In a nutshell, from 6 April 2017 the responsibility for IR35 will shift from the intermediary or PSC to the public sector body or agency that pays the contractor’s limited company. This means the responsibility for assessing eligibility and deducting any resulting tax from payments made to the limited company will be transferred.

The government also intends to remove the 5% administrative expense allowance for PSCs.

The main concern with the proposed changes is that public sector clients could pay all of their contractors as employees in order to avoid any penalties for non-compliance. This would result in contractors being taxed as employees, but with potentially limited employment rights, such as holidays, statutory rights or a pension.

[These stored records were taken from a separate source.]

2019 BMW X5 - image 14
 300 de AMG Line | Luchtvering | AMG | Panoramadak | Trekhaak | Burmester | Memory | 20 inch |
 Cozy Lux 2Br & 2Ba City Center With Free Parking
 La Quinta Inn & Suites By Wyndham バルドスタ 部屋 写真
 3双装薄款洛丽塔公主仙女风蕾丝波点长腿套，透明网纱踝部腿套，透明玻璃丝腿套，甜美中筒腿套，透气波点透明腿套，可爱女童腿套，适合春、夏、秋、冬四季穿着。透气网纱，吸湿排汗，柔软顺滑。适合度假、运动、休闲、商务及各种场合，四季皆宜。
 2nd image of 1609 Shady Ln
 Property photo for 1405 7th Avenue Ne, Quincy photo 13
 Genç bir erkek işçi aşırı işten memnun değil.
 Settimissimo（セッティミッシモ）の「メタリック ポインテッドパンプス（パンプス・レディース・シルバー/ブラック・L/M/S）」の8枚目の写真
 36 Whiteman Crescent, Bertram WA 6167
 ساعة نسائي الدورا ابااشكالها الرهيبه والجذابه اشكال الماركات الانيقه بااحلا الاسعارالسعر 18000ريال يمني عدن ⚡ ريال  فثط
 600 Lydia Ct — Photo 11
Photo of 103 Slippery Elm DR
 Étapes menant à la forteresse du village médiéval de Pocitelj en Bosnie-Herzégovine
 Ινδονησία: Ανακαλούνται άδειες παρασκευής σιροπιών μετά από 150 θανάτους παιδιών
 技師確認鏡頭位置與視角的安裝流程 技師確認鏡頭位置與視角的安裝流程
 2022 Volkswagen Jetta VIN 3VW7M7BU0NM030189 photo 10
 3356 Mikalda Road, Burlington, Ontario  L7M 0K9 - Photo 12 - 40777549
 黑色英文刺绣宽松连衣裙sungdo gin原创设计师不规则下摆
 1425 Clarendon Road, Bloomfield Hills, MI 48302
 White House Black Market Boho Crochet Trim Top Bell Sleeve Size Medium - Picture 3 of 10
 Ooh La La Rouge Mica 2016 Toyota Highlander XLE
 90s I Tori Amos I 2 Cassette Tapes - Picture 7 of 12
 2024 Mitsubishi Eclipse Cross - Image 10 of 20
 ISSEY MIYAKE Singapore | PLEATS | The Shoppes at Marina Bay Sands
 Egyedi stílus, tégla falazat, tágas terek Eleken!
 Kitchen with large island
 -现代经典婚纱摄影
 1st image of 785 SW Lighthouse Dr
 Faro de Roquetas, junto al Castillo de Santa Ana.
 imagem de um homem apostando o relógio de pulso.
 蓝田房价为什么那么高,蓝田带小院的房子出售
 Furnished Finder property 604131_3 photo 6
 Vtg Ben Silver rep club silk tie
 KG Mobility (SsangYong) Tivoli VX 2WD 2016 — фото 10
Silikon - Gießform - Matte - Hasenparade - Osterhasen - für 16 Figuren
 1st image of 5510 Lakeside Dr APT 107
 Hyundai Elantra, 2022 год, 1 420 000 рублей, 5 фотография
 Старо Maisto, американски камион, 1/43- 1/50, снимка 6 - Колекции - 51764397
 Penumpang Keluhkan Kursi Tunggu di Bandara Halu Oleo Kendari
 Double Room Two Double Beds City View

The only consolation is that private sector contractors will not be effected.

HMRC is developing a digital tool to help public sector bodies and their agencies to assess the PSCs that they engage with, to check if IR35 applies. If so, they are proposing that the public sector body or agency apply tax and national insurance deductions to the payments made to the PSC’s, reported to HMRC under Real Time Information (RTI) system.

The public sector body or agency will be also be responsible for paying the liabilities deducted to HMRC. A tax credit will be applied to the director/shareholder(s) for their personal tax liabilities, and as such, the guidance proposed states that the corporation tax liability of the PSC would remain unaffected.

As the proposed legislation is still under consultation, HMRC has yet to issue guidance on the detailed points of the new rules. More information will hopefully be forthcoming in the Finance Bill 2017.